▸ Work request: Please return only the lines from the one showing "54 phim Anime" to the end of the entries, keeping both ends and dropping every picture.

▸ Extracted records:
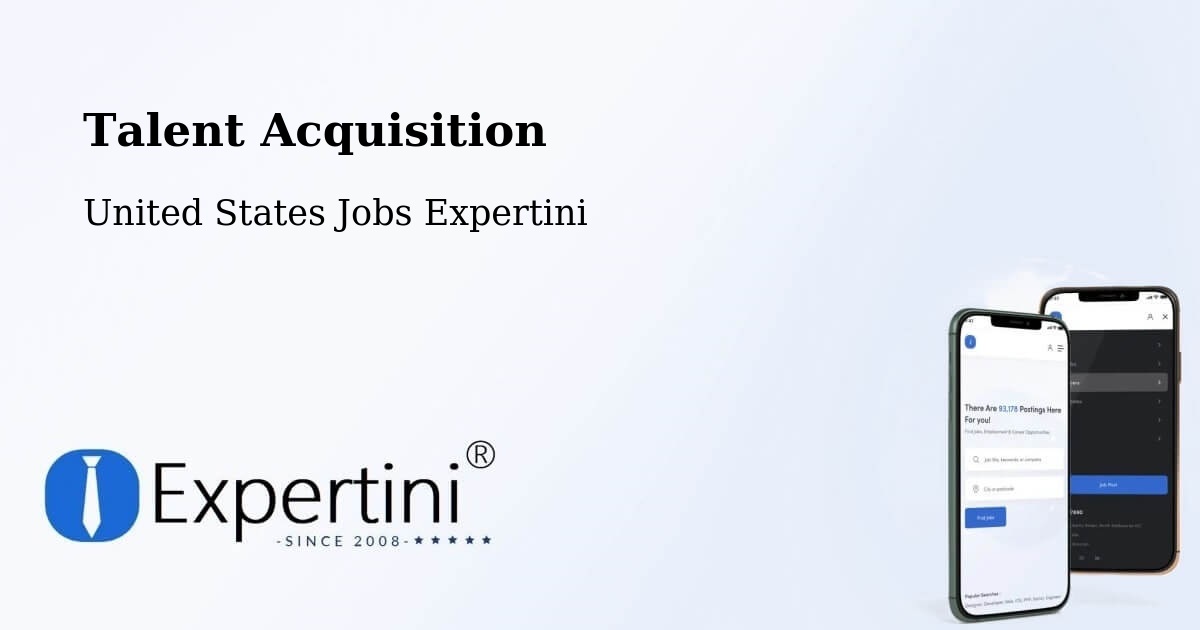 Post Jobs & Find Candidates in Cloud County – Talent Acquisition Solutions - United States Jobs Expertini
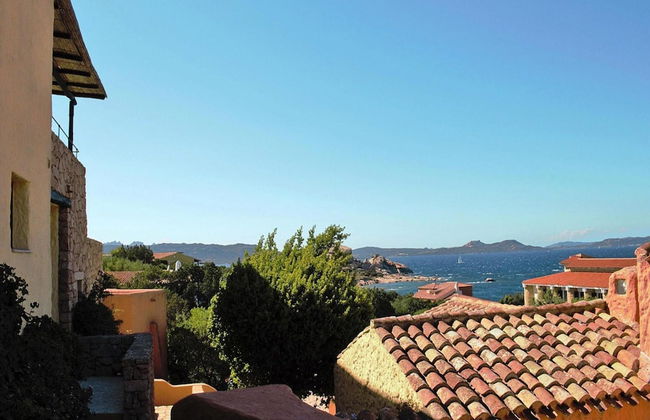 Holiday Home I Cormorani in Baja Sardinia - Foto 20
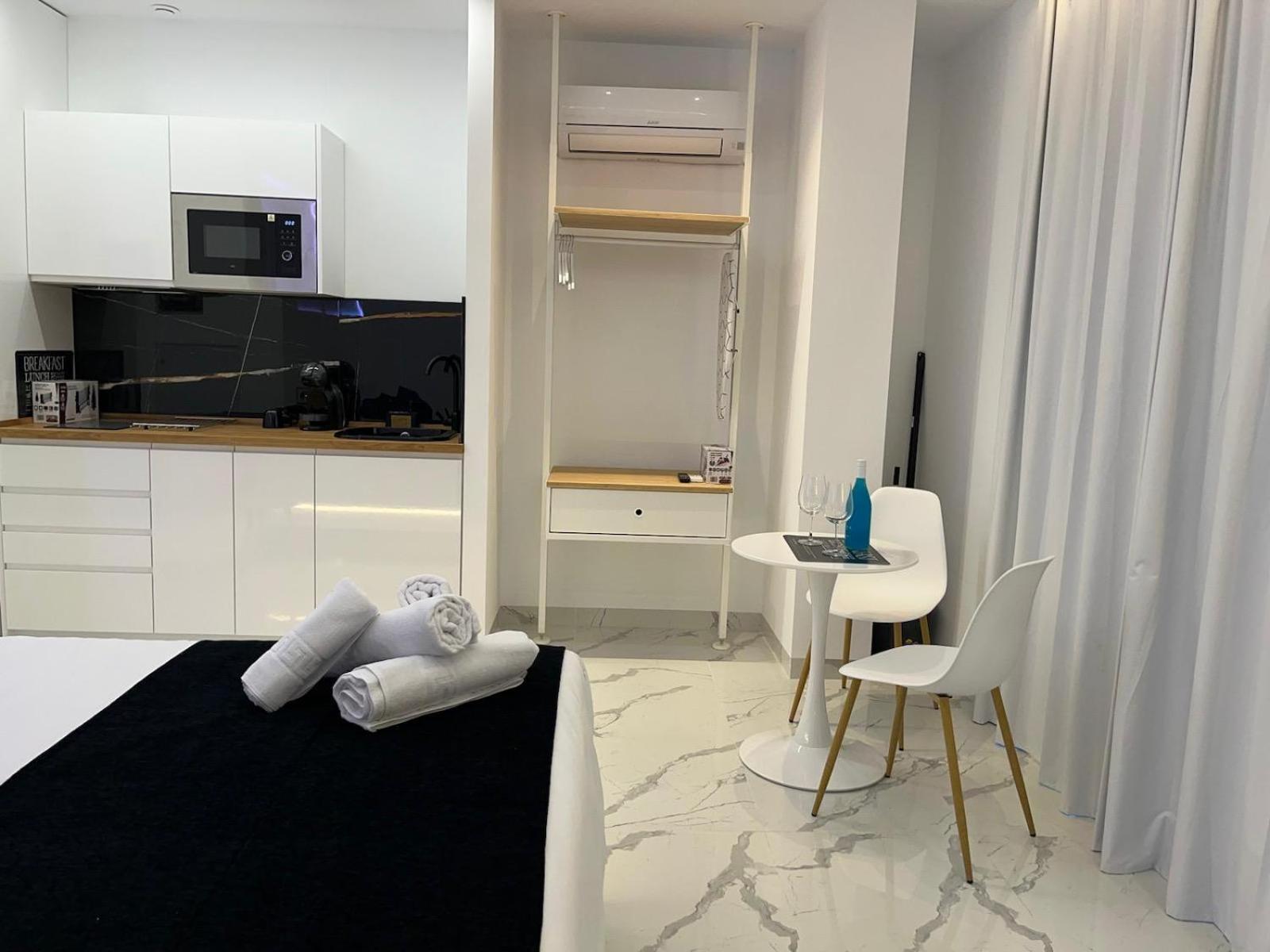 Apartamentos Alsa Conil Conil De La Frontera Εξωτερικό φωτογραφία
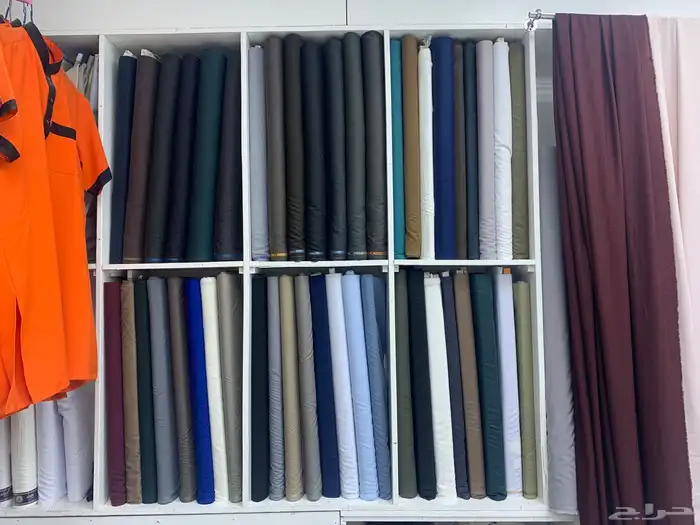 tailor and cloth shop for sale 7
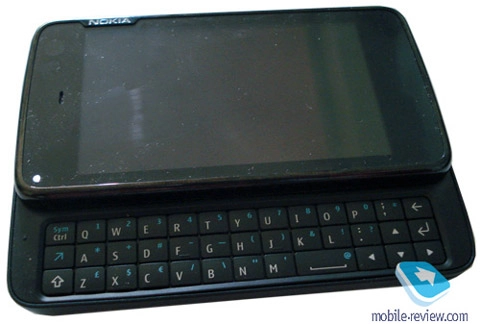 Nokia n900 lai n97 - 2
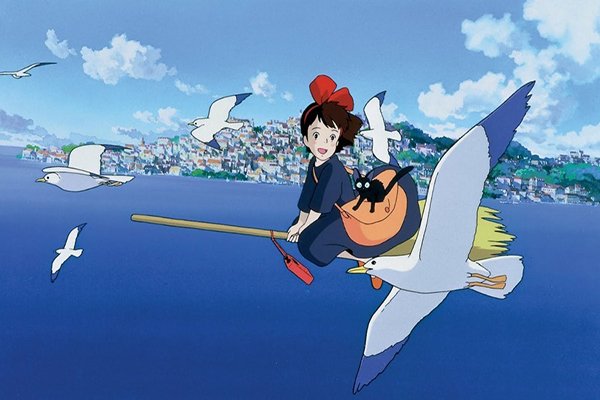 54 phim Anime Nhật Bản đáng xem nhất mọi thời đại - John Tran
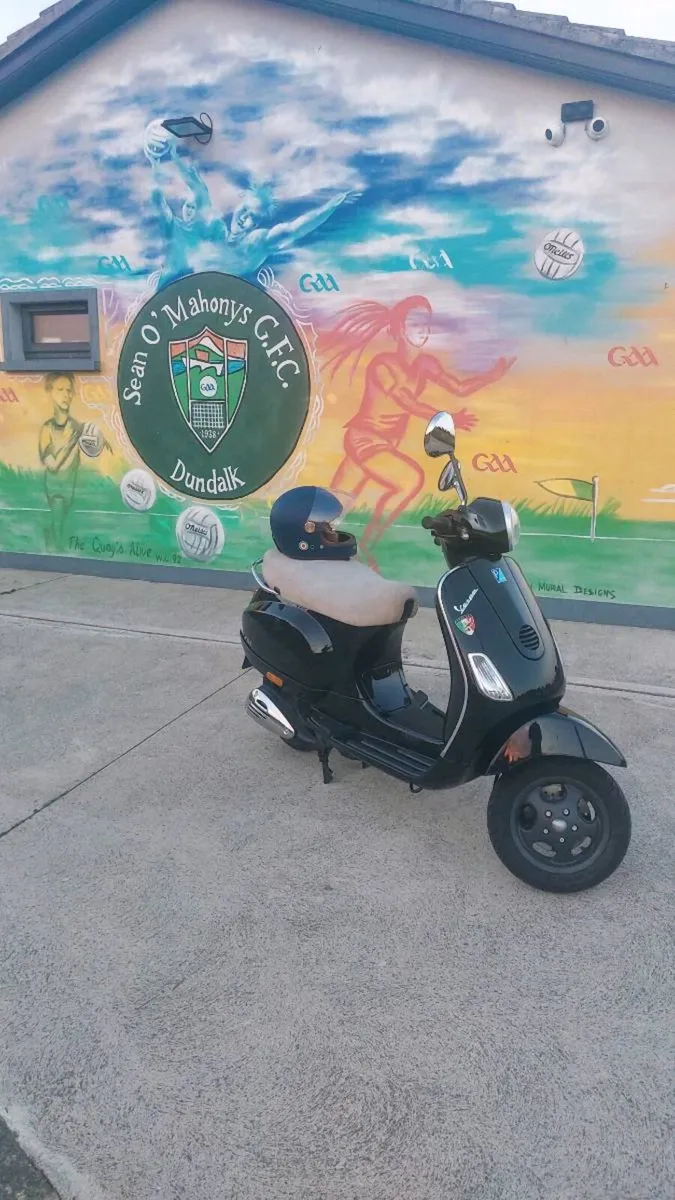 Vespa - Image 1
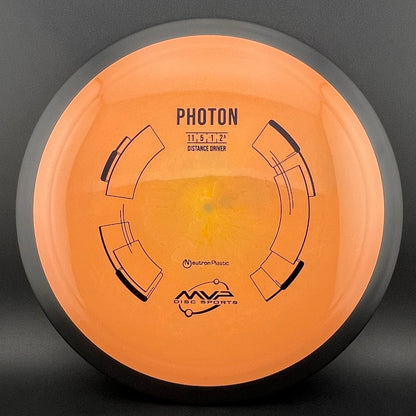 Neutron Photon
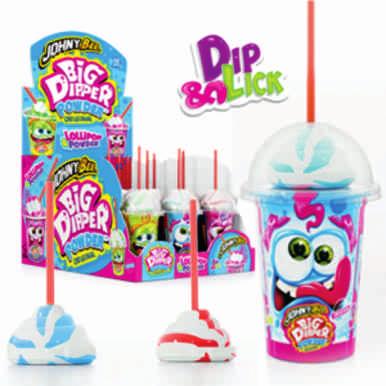 X-TREME Bubble Gum +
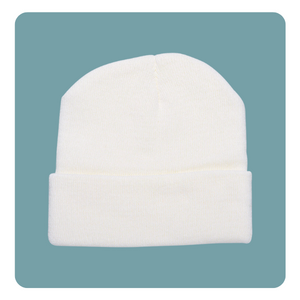 witte muts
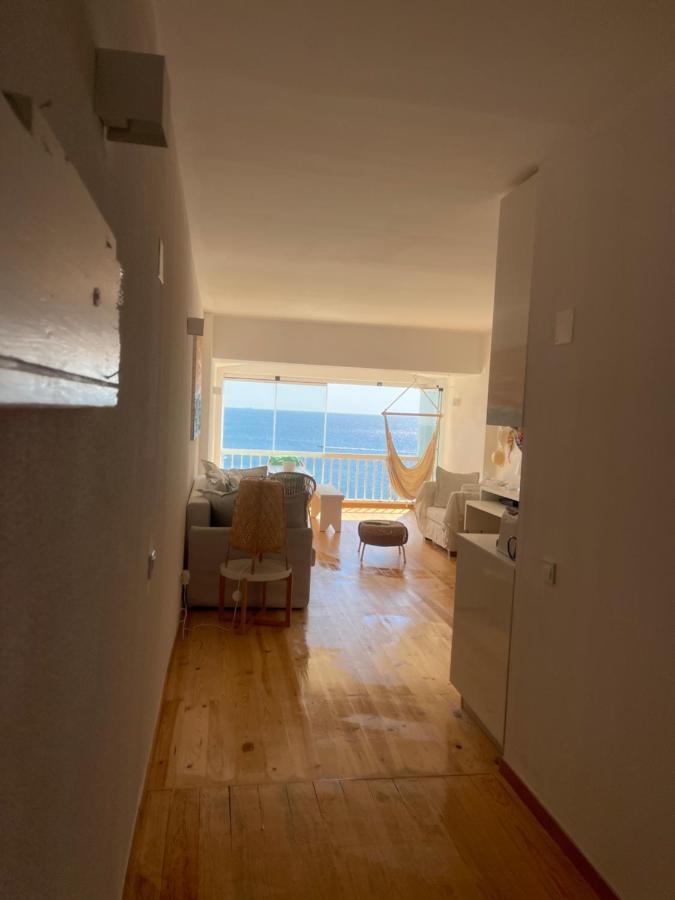 شقة Sesimbra Ocean View المظهر الخارجي الصورة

▸ Response for this exercise:
 54 phim Anime Nhật Bản đáng xem nhất mọi thời đại - John Tran
 Vespa - Image 1
 Neutron Photon
 X-TREME Bubble Gum +
 witte muts
 شقة Sesimbra Ocean View المظهر الخارجي الصورة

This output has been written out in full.